### Given records
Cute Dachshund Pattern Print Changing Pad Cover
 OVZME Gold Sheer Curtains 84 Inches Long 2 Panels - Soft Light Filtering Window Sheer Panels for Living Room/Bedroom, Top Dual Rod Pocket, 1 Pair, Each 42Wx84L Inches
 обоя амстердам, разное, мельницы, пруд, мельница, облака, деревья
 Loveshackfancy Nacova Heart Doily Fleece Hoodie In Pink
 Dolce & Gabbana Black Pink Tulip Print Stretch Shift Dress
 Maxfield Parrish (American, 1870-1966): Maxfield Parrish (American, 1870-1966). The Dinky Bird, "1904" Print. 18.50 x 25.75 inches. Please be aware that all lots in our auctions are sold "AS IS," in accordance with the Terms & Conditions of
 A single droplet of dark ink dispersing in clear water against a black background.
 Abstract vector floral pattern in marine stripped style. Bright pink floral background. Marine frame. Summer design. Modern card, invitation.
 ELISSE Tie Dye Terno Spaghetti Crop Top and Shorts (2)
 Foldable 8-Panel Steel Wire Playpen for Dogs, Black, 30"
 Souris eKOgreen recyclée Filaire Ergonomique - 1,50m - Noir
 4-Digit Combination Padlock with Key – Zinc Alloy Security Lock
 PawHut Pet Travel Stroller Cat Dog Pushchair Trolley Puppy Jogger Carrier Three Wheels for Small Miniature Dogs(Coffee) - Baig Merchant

### Aim of the task
Which lines above hold the string "Dogs"? Show each of them.

### Written response
 Foldable 8-Panel Steel Wire Playpen for Dogs, Black, 30"
 PawHut Pet Travel Stroller Cat Dog Pushchair Trolley Puppy Jogger Carrier Three Wheels for Small Miniature Dogs(Coffee) - Baig Merchant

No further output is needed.